Renewable Energy for Rural Livelihoods
On the edge of Rajasthan where shifting sand dunes mark the border with Pakistan, four villages have had their dark nights lit up by incandescent bulbs.
- Women trained to become solar engineers thereby helping light up houses in their communities
- The residential training programme has made it possible for women to overcome social barriers and secure steady employment
Lighting up Women’s FutureIn a small corner of the western Indian state of Rajasthan women trained as solar engineers are helping light up houses in their communities and overcome social barriers to secure steady employment. The UNDP supported project also helps demonstrate the power of renewable energy in a country where millions of households remain to be electrified.
On the edge of Rajasthan where shifting sand dunes mark the border with Pakistan, four villages have had their dark nights lit up by incandescent bulbs. The villages, which are a series of homesteads scattered across an undulating dessert landscape, have never been connected to the power grid. The lights they now have are part of the Government of India and United Nations Development Programme project ‘Renewable Energy for Rural Livelihoods’. Apart from Rajasthan, this project, which ended in June 2008, was also implemented in Jharkhand, Uttarakhand and Sikkim.
At night, the bright white light from a single bulb lighting up a courtyard is also a small beacon in the pitch-dark landscape, the only guide to homesteads in a terrain without roads or demarcated pathways. What is remarkable is that four young women – one from each village – have assembled these lights from scratch and are paid to maintain and repair them.
It took a leap of faith and a great deal of persuasion for the families to allow the four women to be trained as “barefoot solar engineers” serving their own communities.

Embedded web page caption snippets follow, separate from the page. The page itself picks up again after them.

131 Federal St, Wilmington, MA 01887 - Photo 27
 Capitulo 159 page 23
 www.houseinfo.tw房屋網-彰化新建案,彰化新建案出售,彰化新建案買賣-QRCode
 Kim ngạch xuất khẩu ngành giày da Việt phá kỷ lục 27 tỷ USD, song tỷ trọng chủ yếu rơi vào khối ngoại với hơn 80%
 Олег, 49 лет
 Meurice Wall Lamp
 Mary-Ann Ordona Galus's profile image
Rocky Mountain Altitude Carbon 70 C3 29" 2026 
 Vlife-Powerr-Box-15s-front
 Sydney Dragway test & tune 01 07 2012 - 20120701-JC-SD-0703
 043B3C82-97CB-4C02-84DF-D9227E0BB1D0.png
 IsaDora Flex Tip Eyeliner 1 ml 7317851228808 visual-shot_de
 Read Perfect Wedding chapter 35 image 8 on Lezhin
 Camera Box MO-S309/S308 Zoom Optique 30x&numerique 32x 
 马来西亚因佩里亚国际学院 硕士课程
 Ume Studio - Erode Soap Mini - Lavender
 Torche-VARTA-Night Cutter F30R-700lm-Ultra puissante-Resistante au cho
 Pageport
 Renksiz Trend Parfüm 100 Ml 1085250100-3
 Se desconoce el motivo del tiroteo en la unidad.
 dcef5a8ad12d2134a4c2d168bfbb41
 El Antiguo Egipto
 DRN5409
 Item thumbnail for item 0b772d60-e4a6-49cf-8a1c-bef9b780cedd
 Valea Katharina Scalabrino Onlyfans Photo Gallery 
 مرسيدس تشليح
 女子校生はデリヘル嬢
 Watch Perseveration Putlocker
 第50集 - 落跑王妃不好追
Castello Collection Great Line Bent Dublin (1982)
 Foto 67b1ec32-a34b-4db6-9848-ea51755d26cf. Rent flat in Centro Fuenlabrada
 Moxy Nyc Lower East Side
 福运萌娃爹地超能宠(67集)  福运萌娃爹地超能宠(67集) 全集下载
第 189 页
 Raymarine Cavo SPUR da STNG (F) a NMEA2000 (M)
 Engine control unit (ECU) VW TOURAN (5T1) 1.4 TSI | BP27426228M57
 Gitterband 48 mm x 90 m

The Social Work and Research Centre (SWRC), the Tilonia-based NGO, which implemented the programme in Barmer, runs a residential training programme for barefoot solar engineers at its campus in the Ajmer district of Rajasthan. This is about nine to ten hours by road from the Barmer villages.
It was unthinkable for the four families to have their daughters leave home let alone live among strangers. The four women have attended school only up to class five or eight. None of the four had ever lived away from their families or travelled much further than a neighbouring village, and never without a male escort. Three of these barefoot solar engineers, Sajani, Saleemati and Chano are married. Like all married women in their communities they are veiled. The fourth, Bhagwati, is engaged to be married and will soon retreat behind a veil.
Bhagwati said, “no one in the village has ever done anything like this, people said that boys should get the training, then we were told that the project would only train girls. It took people a long time to accept this”. According to SWRC “In the evening we would leave the village with an agreement that the girl could go; in the morning we would return to find that they had changed their mind.”
In the end Bhagwati, Sajani, Saleemati and Chano spent two months at SWRC’s campus in Tilonia and a month of field training. Following this they assembled each of the lights and lanterns installed in their villages and oversaw their installation. Now, they undertake regular checks in the village, respond to complaints, repair faulty lights and maintain the batteries that power them.
SWRC has also set up a workshop at its centre in Dhanau in the same bloc. Repairs that cannot be done in the village are brought to workshop. The four women travel on the irregular buses that connect their villages to Dhanau when their work demands. They spend a day, or if the work necessitates, a few days at the centre each time.
In the villages there are many still bemused that young women who until a few months ago were like any other – cleaning the yard, fetching water, helping with the cooking – are now called “engineers”. But, they would rather have lights irrespective of who is maintaining them. Each family with a light contributes to a village fund from which their woman barefoot engineer is paid a salary ranging from Rs 1000 to Rs 1350 a month. And the villages are full of little girls, who trail their barefoot engineer and watch in awe as she fiddles with wires and fuses, hoping too will someday be engineers.